A Closer Look at the Minnesota Landscape Arboretum

yellow orchid
“He taught both in scientific words and with dirt-stained hands….” – Jane McKinnon

After looking for fairies at the Minnesota Landscape Arboretum this weekend, we explored the rest of the visitor buildings. We admired the photography on display, poked around the library and investigated the stinky aroma coming from the conservatory. It turned out that their Voodoo Lily was blooming and the smell was anything but floral.

Looking at all of the flowers, I wondered who we had to thank for the arboretum? Fortunately a little googling gave me the answer.

spotted orchid

The Minnesota Landscape Arboretum is the Upper Midwest’s largest public garden and is open 363 days a year.

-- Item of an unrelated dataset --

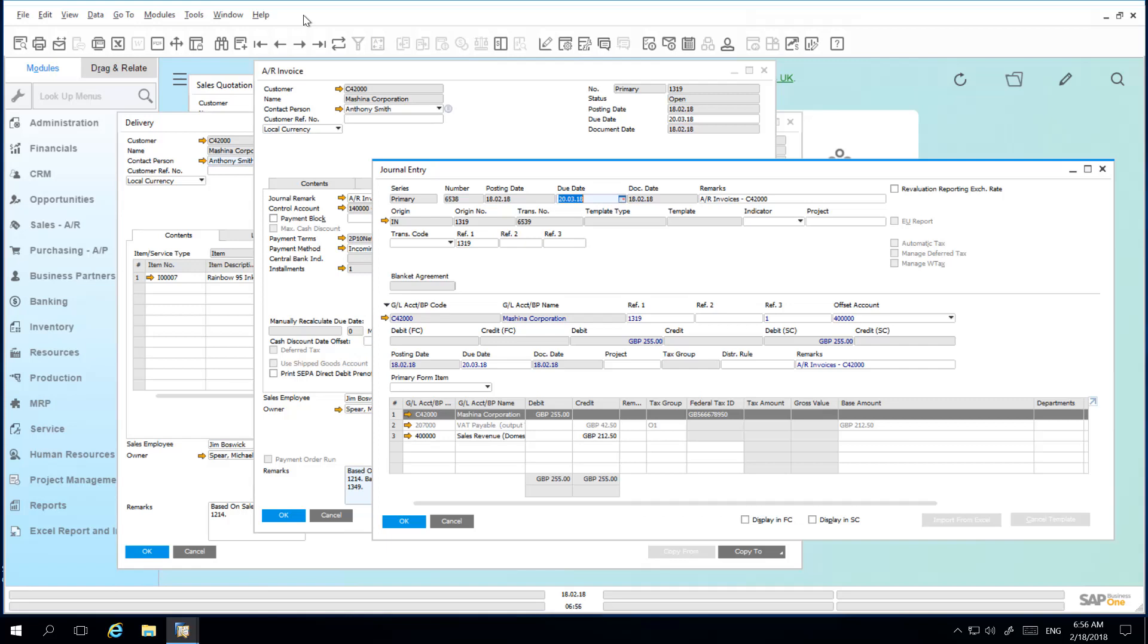I have created a sales quotation which was then copied to a delivery document. I then created an AR invoice following delivery. Drilling down into the journal entry allowed me to review the transaction.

Part of the University of Minnesota, the earliest grounds were established in 1907 as the Horticultural Research Center. They developed cold-hardy crops and we have them to thank for our beloved Honeycrisp apples (among many other plants).


In 1945, a young Leon C. Snyder moved to Minnesota with his wife and began his career at the university as an extension horticulturalist, eventually becoming head of the Department. Several years later in 1956, the Minnesota State Horticultural Society and the Men’s Garden Club of Minneapolis came forward with the goal of establishing an arboretum. Through local garden clubs, the funds were raised and within two years, 160 acres of land was purchased and the arboretum opened in 1958 with Dr. Snyder as director.

white orchid

Under Dr. Snyder’s leadership, the horticulture department at the University of Minnesota had doubled in faculty when he eventually stepped down to focus full-time on the arboretum. While finding time to stop and smell the roses, he also managed to write a weekly column for the Minneapolis Star Tribune, answered gardening questions on WCCO radio, led garden tours, traveled the world and raised a family with his wife.

bird of paradise

Dr. Snyder acted as director of the arboretum from its opening in 1958 until 1976, expanding its size and research capabilities and lucky for us, its facilities for visitors. Since it was established, the arboretum has grown to 1,137 acres and is the largest, most diverse and most complete horticultural site in Minnesota with more than 5,000 varieties of plants.

white orchid

The Leon C. Snyder Education and Resource Building, dedicated in 1974, contains both the Anderson Horticultural Library and the Meyer-Deats Conservatory where these lovely flowers were photographed.


2 thoughts on “A Closer Look at the Minnesota Landscape Arboretum”

  1. Morning to you,

    Curiosity got me….what type of bug in that on the attached image? It reminds me of some type of crab, scorpion or space alien :>

    Beautiful shot…have a great day….


    1. Good question, Watson! I thought it was fascinating and assumed it was a friendly bug. Later on, I worried that I had snapped the picture of the bug that would destroy the entire conservatory…. Thanks for following!